Hint: Pay attention to your verbs. Use strong ones!
For example, you might write,
"I see Rapunzel leaning out her tower window."
"I see the tin soldier flying down the gutter on his paper boat."
"I see Hansel and Gretel tiptoeing to the witch's candy house."
"I see the little match girl striking a match in the dark."
You may not know where a picture comes from. You might just get an image, a "mirror flashing in the dark," or a "king wandering in a dark wood." That's fine too.
Here's my picture,
I see Jack in Jack and the Beanstalk. His hands are full of shining beans.
Step Two—Choose a Picture
If more than one picture has come to mind, CHOOSE a single picture to focus on.
LOOK more closely at it. What else do you notice going on in the picture?
WRITE down every detail you observe.
SKETCH the picture out if you want.
I notice that the beans in Jack's hands are different colors and sizes, and they're lit from within in a very unusual way.
I notice that Jack is not very old—maybe about nine.
When I step back to see more in the picture, I notice a few other things.

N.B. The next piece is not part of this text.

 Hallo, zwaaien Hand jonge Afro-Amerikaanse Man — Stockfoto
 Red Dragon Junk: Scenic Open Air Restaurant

Jack is standing in the butcher shop.
I see the butcher with his bloodstained apron. The butcher has just given Jack the beans.
Step Three—Find the Story
Now that you've brought your picture to light, go and FIND the story that your picture comes from.
Hint: Fairy tales are pretty easy to access. Most of the classic ones are on the Internet, and libraries have large collections. One very good site with many of the most well-told, well-traveled stories is www.surlalunefairytales.com. The site also contains over a thousand illustrations. If you can't find the story that your picture comes from, might find an illustration that resembles what you have in your imagination.
When you find the story, READ it from beginning to end.
After you've read the story, WRITE down other things that you've discovered are going on in the picture.
I found my picture of Jack in a Scottish version of Jack and the Beanstalk, written in 1820.
I read the story and learned all sorts of interesting details about Jack and his circumstances. He's in a butcher shop, alright, but there's a whole lot more going on!
The butcher won't take the cow. He tells Jack that she's too lean, and he scolds Jack for mistreating her. The language is pretty extreme.
"Your cow, you young prodigal dog! is worth nothing; you have starved her until she would disgrace the shambles; and, as to milk, no wonder that you and your mother have been starving while you were depending upon that supply. One ill turn deserves another, and receives it just as surely as one good turn deserves another!"
When the nasty butcher finally deigns to give Jack the beans, he does so saying, "They're the oddest I ever saw, not one of them being, either in color or shape, like another."